查《碎羽集》,《树之感》之后的确标明“廿七年四月”字样,即1938年4月;而1937年5月出版的《新诗》2卷2期刊登《树之感》时,并未表明写作时间,想必是《碎羽集》出版时误植时间,而《切线》出版时说“此诗作于1937年抗战之前”,无疑是作者已经发现《碎羽集》中的错误,但又无法确定具体的写作时间,只能如上述表示。由此可见,诗人自己编订的选本固然有权威性,但某些方面,比如写作时间(即便没有具体的时间,但大致的写作时间范围),可能还是原刊报刊更为准确,研究者不能不察。

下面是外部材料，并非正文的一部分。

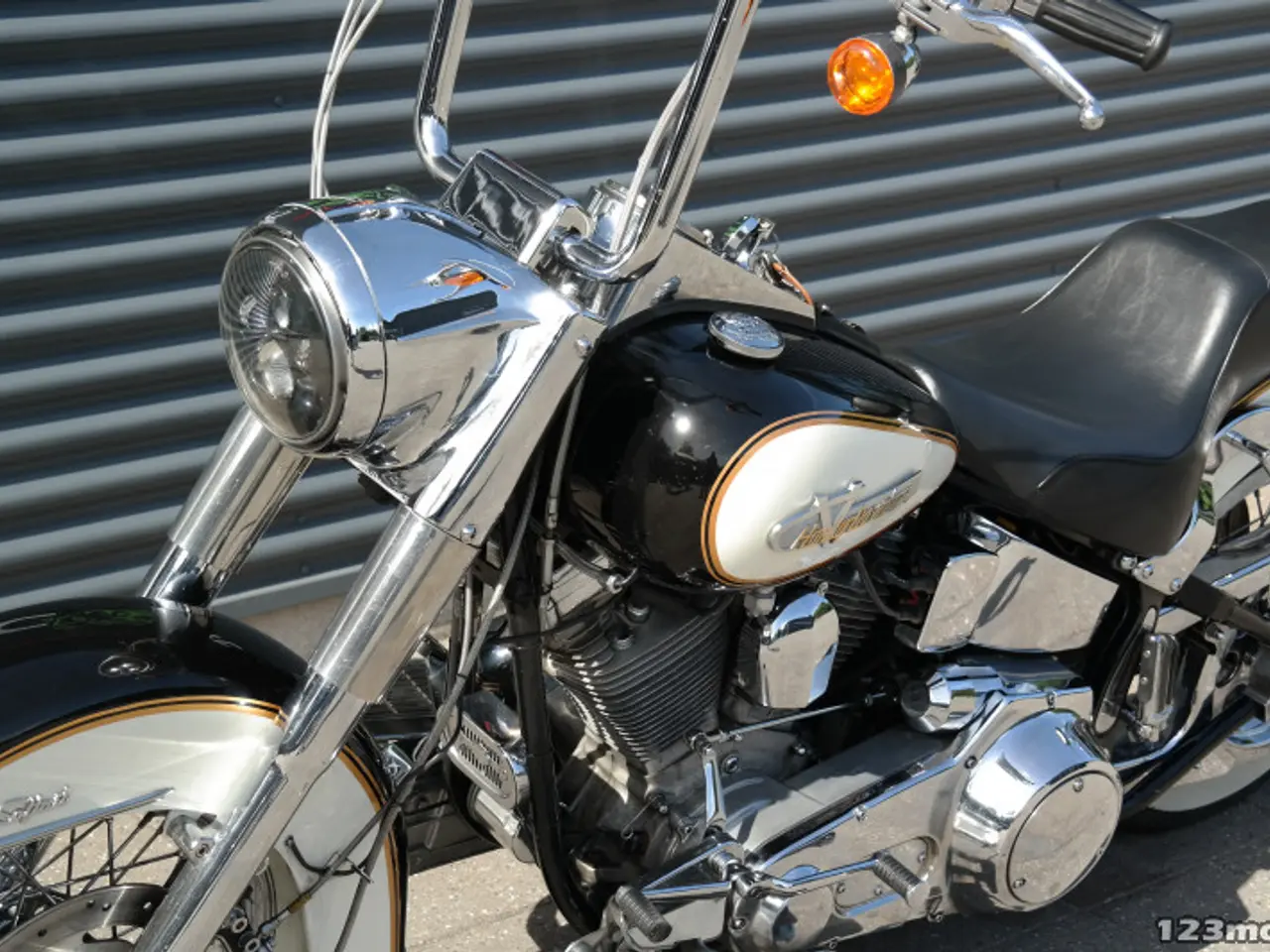 Billede 19 - Harley-Davidson FLSTC Heritage Softail Classic MC-SYD BYTTER GERNE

《中国作家》2000年第10期曾刊出一组选自《切线》的《灰马诗选》, 其中的“附记”介绍说:
谈起现代新诗,灰马(1915——2000)及其诗作是不应该被忘记的。灰马30年代开始写诗,曾出版诗集《夏夜短曲》(1940)、《碎羽集》(1943)。50年代起停止发表诗作,但创作没有中断,1992年台湾创世纪诗杂志社出版了他的诗选集 《切线》。洛夫讲:灰马“是表现了中国传统知识分子温柔敦厚的传统。在那样一种大环境中,在那样庞大的时代阴影中,他能表现传统的中国人文精神,因而保持一个标准传统文人的完整形象,令人佩服。”痖弦认为:灰马“一直在心灵生活坚持自己立场及人生的尊严,不受外界干扰”,“真是强者”,“他的诗,是典型的3 0年代小诗,如小溪流水,很少剑拔弩张。仔细读来,不只显示文人心灵,也可见时代缩影。”
无名氏:灰马诗集《切线》出版的推手
遗憾的是,这篇“附记”里,没有提到和诗集《切线》息息相关的一个人,这个人可以说是《切线》接生婆,他就是有名的作家“无名氏”!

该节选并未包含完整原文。